Entries taken from a collection
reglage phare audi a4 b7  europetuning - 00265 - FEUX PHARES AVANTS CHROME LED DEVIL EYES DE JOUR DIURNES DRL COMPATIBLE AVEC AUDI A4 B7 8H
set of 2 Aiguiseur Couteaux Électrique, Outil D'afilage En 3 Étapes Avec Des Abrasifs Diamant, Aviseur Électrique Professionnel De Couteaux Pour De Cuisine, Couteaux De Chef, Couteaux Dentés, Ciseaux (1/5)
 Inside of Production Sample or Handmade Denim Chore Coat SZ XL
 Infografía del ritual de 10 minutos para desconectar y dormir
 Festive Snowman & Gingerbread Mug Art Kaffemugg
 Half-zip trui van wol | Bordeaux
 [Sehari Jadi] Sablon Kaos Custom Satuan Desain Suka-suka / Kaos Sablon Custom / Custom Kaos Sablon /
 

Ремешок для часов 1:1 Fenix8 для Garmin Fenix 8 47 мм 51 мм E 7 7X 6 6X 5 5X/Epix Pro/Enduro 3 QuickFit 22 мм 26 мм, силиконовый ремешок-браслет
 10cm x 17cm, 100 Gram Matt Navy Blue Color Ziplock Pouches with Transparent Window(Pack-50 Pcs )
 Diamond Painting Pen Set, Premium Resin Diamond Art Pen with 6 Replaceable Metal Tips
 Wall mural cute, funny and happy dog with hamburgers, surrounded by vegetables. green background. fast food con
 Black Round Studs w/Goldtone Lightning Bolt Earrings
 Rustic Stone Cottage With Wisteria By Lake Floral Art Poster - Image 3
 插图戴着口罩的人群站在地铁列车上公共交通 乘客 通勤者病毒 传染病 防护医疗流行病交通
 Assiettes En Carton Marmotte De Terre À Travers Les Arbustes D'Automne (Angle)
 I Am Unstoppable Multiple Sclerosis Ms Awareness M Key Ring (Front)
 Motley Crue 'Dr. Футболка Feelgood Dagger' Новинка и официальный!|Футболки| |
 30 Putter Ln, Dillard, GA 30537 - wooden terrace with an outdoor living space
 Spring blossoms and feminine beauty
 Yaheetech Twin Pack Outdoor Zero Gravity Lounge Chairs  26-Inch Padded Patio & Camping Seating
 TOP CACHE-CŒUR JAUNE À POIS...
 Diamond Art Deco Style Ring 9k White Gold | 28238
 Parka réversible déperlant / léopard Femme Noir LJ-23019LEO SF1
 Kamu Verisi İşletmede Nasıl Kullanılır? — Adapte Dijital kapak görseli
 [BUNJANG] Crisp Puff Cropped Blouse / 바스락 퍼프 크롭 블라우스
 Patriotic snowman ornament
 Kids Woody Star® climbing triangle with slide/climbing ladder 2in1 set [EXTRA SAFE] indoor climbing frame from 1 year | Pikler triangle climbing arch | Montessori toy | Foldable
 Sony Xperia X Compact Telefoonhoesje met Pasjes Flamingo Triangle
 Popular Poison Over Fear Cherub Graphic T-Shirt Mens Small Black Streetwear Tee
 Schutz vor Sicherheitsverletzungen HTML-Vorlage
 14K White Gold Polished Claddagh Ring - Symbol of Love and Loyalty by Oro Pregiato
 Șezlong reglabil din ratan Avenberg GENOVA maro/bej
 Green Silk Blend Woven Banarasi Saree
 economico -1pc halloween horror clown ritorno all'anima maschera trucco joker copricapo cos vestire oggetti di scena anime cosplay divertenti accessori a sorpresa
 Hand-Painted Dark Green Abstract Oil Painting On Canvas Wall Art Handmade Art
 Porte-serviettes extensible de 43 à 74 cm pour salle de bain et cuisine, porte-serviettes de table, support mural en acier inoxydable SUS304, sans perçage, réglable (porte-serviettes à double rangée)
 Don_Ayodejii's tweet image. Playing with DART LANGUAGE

What the exercise asks:
All of the entries must be quoted exactly; please include each one.

The completed task:
reglage phare audi a4 b7  europetuning - 00265 - FEUX PHARES AVANTS CHROME LED DEVIL EYES DE JOUR DIURNES DRL COMPATIBLE AVEC AUDI A4 B7 8H
set of 2 Aiguiseur Couteaux Électrique, Outil D'afilage En 3 Étapes Avec Des Abrasifs Diamant, Aviseur Électrique Professionnel De Couteaux Pour De Cuisine, Couteaux De Chef, Couteaux Dentés, Ciseaux (1/5)
 Inside of Production Sample or Handmade Denim Chore Coat SZ XL
 Infografía del ritual de 10 minutos para desconectar y dormir
 Festive Snowman & Gingerbread Mug Art Kaffemugg
 Half-zip trui van wol | Bordeaux
 [Sehari Jadi] Sablon Kaos Custom Satuan Desain Suka-suka / Kaos Sablon Custom / Custom Kaos Sablon /
 

Ремешок для часов 1:1 Fenix8 для Garmin Fenix 8 47 мм 51 мм E 7 7X 6 6X 5 5X/Epix Pro/Enduro 3 QuickFit 22 мм 26 мм, силиконовый ремешок-браслет
 10cm x 17cm, 100 Gram Matt Navy Blue Color Ziplock Pouches with Transparent Window(Pack-50 Pcs )
 Diamond Painting Pen Set, Premium Resin Diamond Art Pen with 6 Replaceable Metal Tips
 Wall mural cute, funny and happy dog with hamburgers, surrounded by vegetables. green background. fast food con
 Black Round Studs w/Goldtone Lightning Bolt Earrings
 Rustic Stone Cottage With Wisteria By Lake Floral Art Poster - Image 3
 插图戴着口罩的人群站在地铁列车上公共交通 乘客 通勤者病毒 传染病 防护医疗流行病交通
 Assiettes En Carton Marmotte De Terre À Travers Les Arbustes D'Automne (Angle)
 I Am Unstoppable Multiple Sclerosis Ms Awareness M Key Ring (Front)
 Motley Crue 'Dr. Футболка Feelgood Dagger' Новинка и официальный!|Футболки| |
 30 Putter Ln, Dillard, GA 30537 - wooden terrace with an outdoor living space
 Spring blossoms and feminine beauty
 Yaheetech Twin Pack Outdoor Zero Gravity Lounge Chairs  26-Inch Padded Patio & Camping Seating
 TOP CACHE-CŒUR JAUNE À POIS...
 Diamond Art Deco Style Ring 9k White Gold | 28238
 Parka réversible déperlant / léopard Femme Noir LJ-23019LEO SF1
 Kamu Verisi İşletmede Nasıl Kullanılır? — Adapte Dijital kapak görseli
 [BUNJANG] Crisp Puff Cropped Blouse / 바스락 퍼프 크롭 블라우스
 Patriotic snowman ornament
 Kids Woody Star® climbing triangle with slide/climbing ladder 2in1 set [EXTRA SAFE] indoor climbing frame from 1 year | Pikler triangle climbing arch | Montessori toy | Foldable
 Sony Xperia X Compact Telefoonhoesje met Pasjes Flamingo Triangle
 Popular Poison Over Fear Cherub Graphic T-Shirt Mens Small Black Streetwear Tee
 Schutz vor Sicherheitsverletzungen HTML-Vorlage
 14K White Gold Polished Claddagh Ring - Symbol of Love and Loyalty by Oro Pregiato
 Șezlong reglabil din ratan Avenberg GENOVA maro/bej
 Green Silk Blend Woven Banarasi Saree
 economico -1pc halloween horror clown ritorno all'anima maschera trucco joker copricapo cos vestire oggetti di scena anime cosplay divertenti accessori a sorpresa
 Hand-Painted Dark Green Abstract Oil Painting On Canvas Wall Art Handmade Art
 Porte-serviettes extensible de 43 à 74 cm pour salle de bain et cuisine, porte-serviettes de table, support mural en acier inoxydable SUS304, sans perçage, réglable (porte-serviettes à double rangée)
 Don_Ayodejii's tweet image. Playing with DART LANGUAGE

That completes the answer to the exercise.